Work order: A verbatim copy of all entries is the expected output.

Dataset records:
____________
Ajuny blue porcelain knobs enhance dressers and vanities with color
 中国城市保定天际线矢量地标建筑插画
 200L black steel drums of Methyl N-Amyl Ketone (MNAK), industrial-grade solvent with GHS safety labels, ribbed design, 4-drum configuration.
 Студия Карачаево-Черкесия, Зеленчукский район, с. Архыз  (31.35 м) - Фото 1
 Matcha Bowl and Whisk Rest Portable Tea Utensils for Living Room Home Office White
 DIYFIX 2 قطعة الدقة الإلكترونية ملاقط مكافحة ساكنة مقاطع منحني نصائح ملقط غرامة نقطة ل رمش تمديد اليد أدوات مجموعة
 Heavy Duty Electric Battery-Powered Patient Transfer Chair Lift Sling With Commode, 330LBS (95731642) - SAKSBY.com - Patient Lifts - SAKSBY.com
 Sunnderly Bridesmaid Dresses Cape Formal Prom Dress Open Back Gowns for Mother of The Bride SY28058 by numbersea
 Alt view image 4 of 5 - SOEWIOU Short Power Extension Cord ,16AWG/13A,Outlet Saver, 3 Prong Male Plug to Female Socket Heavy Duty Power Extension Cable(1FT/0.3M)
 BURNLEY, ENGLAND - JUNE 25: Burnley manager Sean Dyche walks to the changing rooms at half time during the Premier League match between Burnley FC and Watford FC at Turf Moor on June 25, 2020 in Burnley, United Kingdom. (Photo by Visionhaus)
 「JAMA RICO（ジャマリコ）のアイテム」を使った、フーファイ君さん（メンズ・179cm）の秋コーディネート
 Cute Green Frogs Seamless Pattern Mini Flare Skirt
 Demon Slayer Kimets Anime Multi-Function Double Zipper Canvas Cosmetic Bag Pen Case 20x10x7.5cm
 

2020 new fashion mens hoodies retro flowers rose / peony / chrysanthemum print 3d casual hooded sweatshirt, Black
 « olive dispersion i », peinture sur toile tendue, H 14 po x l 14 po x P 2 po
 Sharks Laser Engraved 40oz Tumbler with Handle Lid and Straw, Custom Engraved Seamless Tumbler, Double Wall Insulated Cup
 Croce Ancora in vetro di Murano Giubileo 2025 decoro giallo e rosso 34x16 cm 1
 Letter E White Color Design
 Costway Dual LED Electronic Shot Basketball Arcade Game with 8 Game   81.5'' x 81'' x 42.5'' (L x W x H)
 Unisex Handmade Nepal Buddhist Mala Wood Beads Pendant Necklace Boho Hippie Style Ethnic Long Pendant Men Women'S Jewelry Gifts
____________
Answer box:
Ajuny blue porcelain knobs enhance dressers and vanities with color
 中国城市保定天际线矢量地标建筑插画
 200L black steel drums of Methyl N-Amyl Ketone (MNAK), industrial-grade solvent with GHS safety labels, ribbed design, 4-drum configuration.
 Студия Карачаево-Черкесия, Зеленчукский район, с. Архыз  (31.35 м) - Фото 1
 Matcha Bowl and Whisk Rest Portable Tea Utensils for Living Room Home Office White
 DIYFIX 2 قطعة الدقة الإلكترونية ملاقط مكافحة ساكنة مقاطع منحني نصائح ملقط غرامة نقطة ل رمش تمديد اليد أدوات مجموعة
 Heavy Duty Electric Battery-Powered Patient Transfer Chair Lift Sling With Commode, 330LBS (95731642) - SAKSBY.com - Patient Lifts - SAKSBY.com
 Sunnderly Bridesmaid Dresses Cape Formal Prom Dress Open Back Gowns for Mother of The Bride SY28058 by numbersea
 Alt view image 4 of 5 - SOEWIOU Short Power Extension Cord ,16AWG/13A,Outlet Saver, 3 Prong Male Plug to Female Socket Heavy Duty Power Extension Cable(1FT/0.3M)
 BURNLEY, ENGLAND - JUNE 25: Burnley manager Sean Dyche walks to the changing rooms at half time during the Premier League match between Burnley FC and Watford FC at Turf Moor on June 25, 2020 in Burnley, United Kingdom. (Photo by Visionhaus)
 「JAMA RICO（ジャマリコ）のアイテム」を使った、フーファイ君さん（メンズ・179cm）の秋コーディネート
 Cute Green Frogs Seamless Pattern Mini Flare Skirt
 Demon Slayer Kimets Anime Multi-Function Double Zipper Canvas Cosmetic Bag Pen Case 20x10x7.5cm
 

2020 new fashion mens hoodies retro flowers rose / peony / chrysanthemum print 3d casual hooded sweatshirt, Black
 « olive dispersion i », peinture sur toile tendue, H 14 po x l 14 po x P 2 po
 Sharks Laser Engraved 40oz Tumbler with Handle Lid and Straw, Custom Engraved Seamless Tumbler, Double Wall Insulated Cup
 Croce Ancora in vetro di Murano Giubileo 2025 decoro giallo e rosso 34x16 cm 1
 Letter E White Color Design
 Costway Dual LED Electronic Shot Basketball Arcade Game with 8 Game   81.5'' x 81'' x 42.5'' (L x W x H)
 Unisex Handmade Nepal Buddhist Mala Wood Beads Pendant Necklace Boho Hippie Style Ethnic Long Pendant Men Women'S Jewelry Gifts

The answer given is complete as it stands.